_Exercise prompt_
Skip the images and print the listing exactly.

_Material provided_
- - - - -

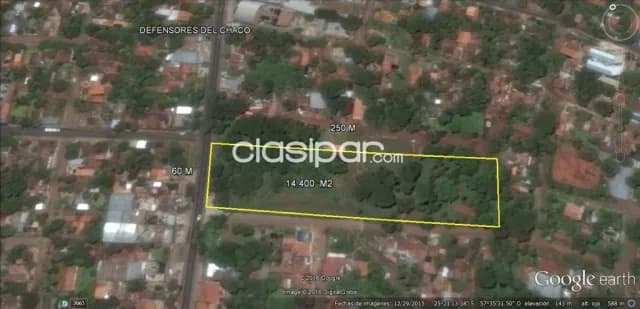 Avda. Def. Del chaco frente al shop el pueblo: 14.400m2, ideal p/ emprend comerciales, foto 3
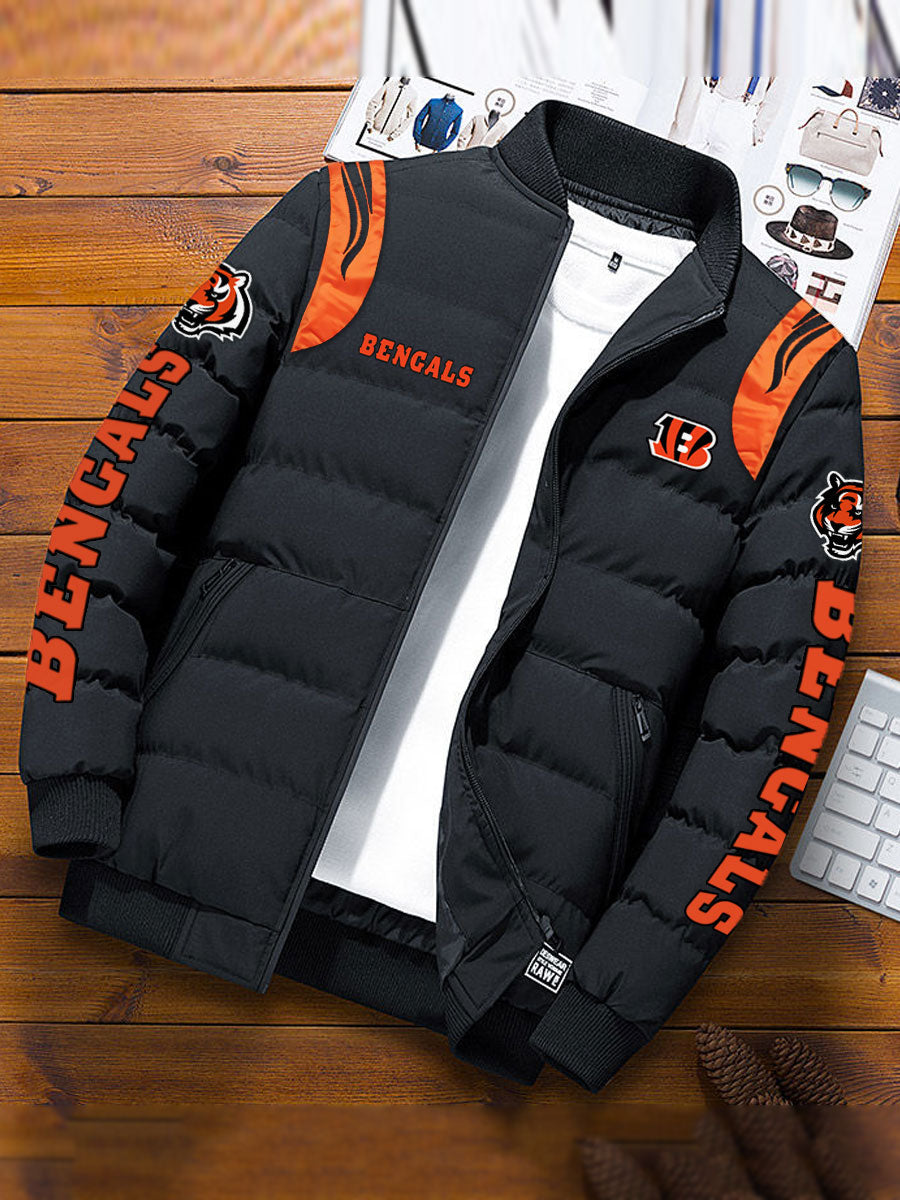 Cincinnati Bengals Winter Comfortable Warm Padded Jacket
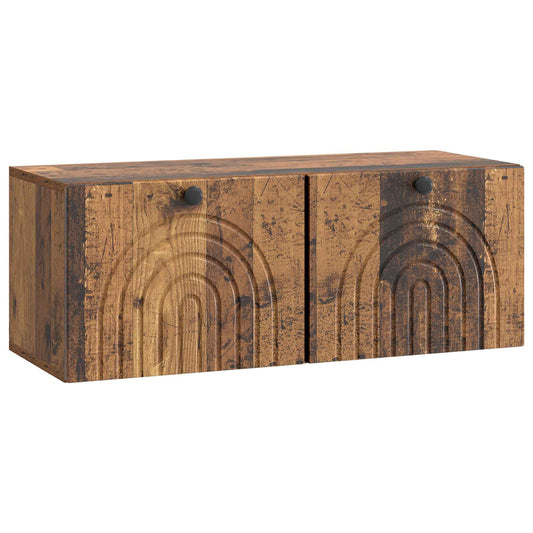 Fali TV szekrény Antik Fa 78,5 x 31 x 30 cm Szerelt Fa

- - - - -

_Response_
 Avda. Def. Del chaco frente al shop el pueblo: 14.400m2, ideal p/ emprend comerciales, foto 3
 Cincinnati Bengals Winter Comfortable Warm Padded Jacket
 Fali TV szekrény Antik Fa 78,5 x 31 x 30 cm Szerelt Fa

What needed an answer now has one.